Kategori : ENERGY AGENDA NEWS, NUCLEAR ENERGY NEWS - Tarih : 21 October 2015
Türkiye’ye 3. nükleer santral kararı aldıran raporun ayrıntılarına ulaşıldı. Rakamlar 2023’te elektrik ihtiyacı 450 milyar KWh’e yükselecek olan Türkiye’de nükleerin gerekli olduğunu ortaya koyuyor.
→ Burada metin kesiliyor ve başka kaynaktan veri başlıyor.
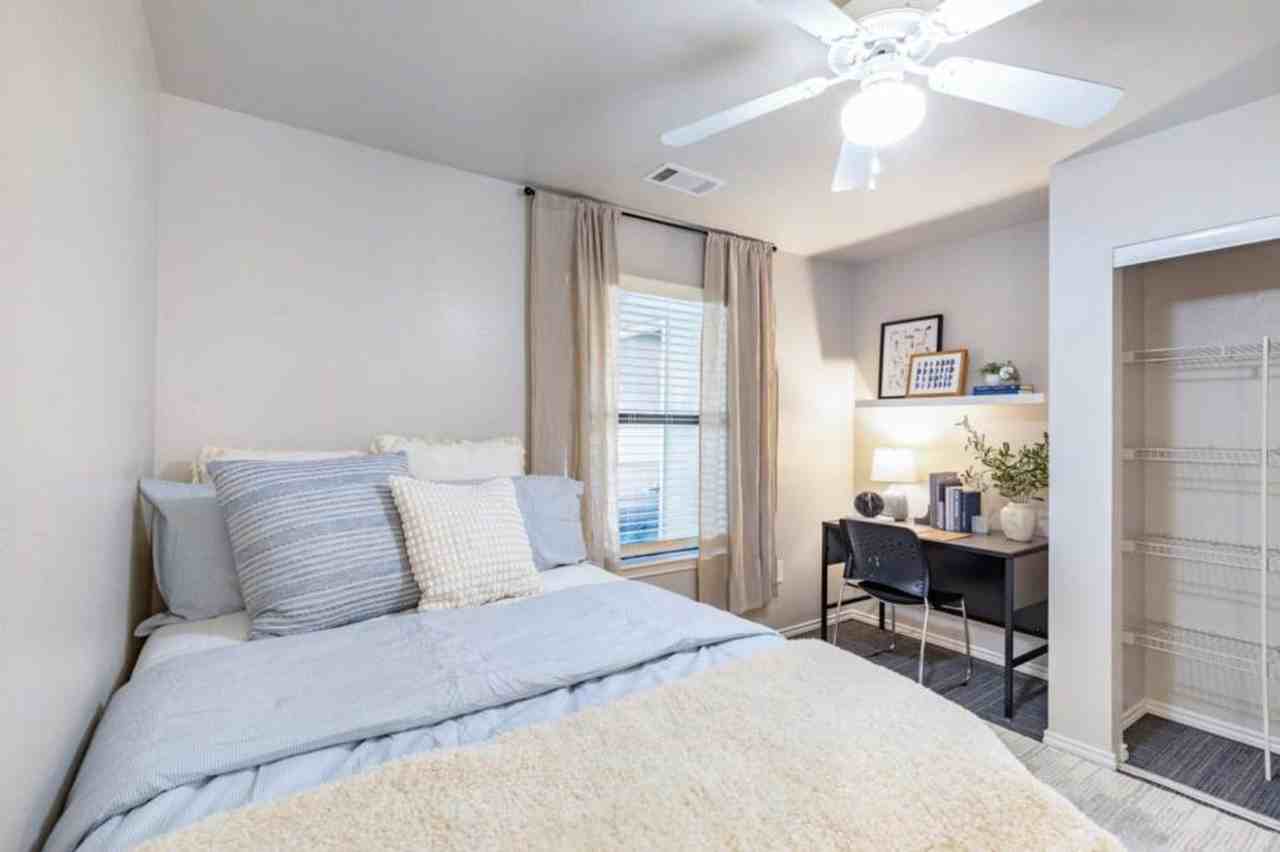 1201 Cleveland St #1385204P - Photo 3 of 30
Akkuyu ve Sinop Nükleer Santralları’nın ardından 3’üncü nükleerin büyük ihtimalle İğneada’da yapılacak olması bu konudaki tartışmaları yeniden canlandırdı. Özellikle çevreci gruplar, langoz ormanları nedeniyle santral yapımına karşı çıkarken, devletin stratejik planlamalarına ait belgeler Türkiye’nin nükleer santraldan vazgeçemeyeceğini ortaya koydu.
YENİ GÜÇ GEREKİYOR
Türkiye’ye “3. nükleer santral” kararı aldıran raporun ayrıntılarına ulaşıldı. Başta Enerji ve Tabii Kaynaklar Bakanlığı olmak üzere çeşitli kurumların yaptığı çalışmalara göre, Türkiye’nin kurulu elektrik üretim gücü 72 bin MWh seviyelerine yükseldi. Bu durum arz fazlasını ortaya çıkarmasına rağmen, yapılan hesaplamalar 2023’te Türkiye’de yıllık elektrik ihtiyacının 400-450 milyar KWh’e yükseleceğini ve bunun için 120 bin KWh üzerinde kurulu güce ihtiyaç olduğu gerçeğini ortaya koydu. Türkiye, hidroelektrik, rüzgâr, jeotermal, güneş ve biyokütle potansiyelinin 2023’e kadar planladığı hedeflerinin tamamını gerçekleştirse bile, bu miktar 60-65 bin MWh civarında kalıyor.
ALTERNATİF DEĞİL DESTEK
Sanayi ve konutlara genel olarak kesintisiz bir şekilde elektrik verilebilmesi için tüketilecek enerjinin o an için sepetteki mevcut kaynaklardan üretilmesi gerekiyor. Bir dengesizlik, 31 Mart’ta olduğu gibi sistemin çökmesine yol açıyor. Sistemin sağlıklı çalışması için baz santralların yıllık en az 8 bin saat kesintisiz elektrik üretmesi şart. Nükleer santrallar, dünyada en uzun süre üretim kapasitesine sahip olan alternatifler olarak gösteriliyor. İşte bu santrallara ‘baz’ deniliyor ve bir ülkenin elektrik arzının güvenliği bu santrallarla sağlanıyor.